= Yamaha Royal Star Tour Deluxe =

Cruiser type touring motorcycle

The Yamaha Royal Star Tour Deluxe is a cruiser type touring motorcycle built by the Yamaha Motor Company. It was introduced in 1997 and was manufactured, largely unchanged, until 2005 through the 2009 model year. The Royal Star Tour Deluxe uses the same framework as the Yamaha Royal Star Venture without the Venture's fairing, radio system, and trunk.

==Vehicle information==

===Appearance===

There are two basic models: standard and S. The standard model has brushed front forks while the S model has chrome front forks. The two models also have different color paint.

===Mechanical===

The Royal Star Tour Deluxe is a large motorcycle. Rider seat height is 29.1 in. It weighs 787 lb dry, which yields a weight of 844 lb with oil, coolant, and a full fuel tank. The Royal Star Tour Deluxe has a 67.5 in wheelbase. The shock absorbers are air adjustable for preload to help compensate for different load sizes. It has 9.3 gallons of storage in its hard side bags.
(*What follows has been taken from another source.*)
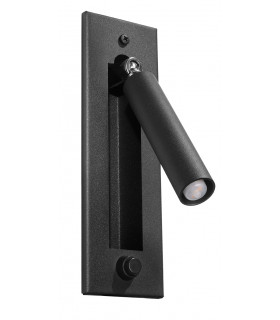 Reading Light Folding Wall Lamp Black G9-1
The drive package on the Royal Star Tour Deluxe is the same as the Yamaha Royal Star Venture including a liquid cooled 1298 cc (referred to as 1,300 cc) V4 engine. It has four valves per cylinder, overhead camshafts, and shim over bucket valves. The five speed overdrive transmission is part of the engine case and both the engine and transmission share oil. The drive shaft and final drive assembly are built into the left side of the double sided swing arm. Swing arm motion is damped by a monoshock mounted in the center of the frame. The clutch is of the wet plate design and is hydraulically activated by the left hand lever.

The brakes are all two piston design. Both front brakes are activated by the right hand lever. The rear brake is activated by the foot pedal on the right.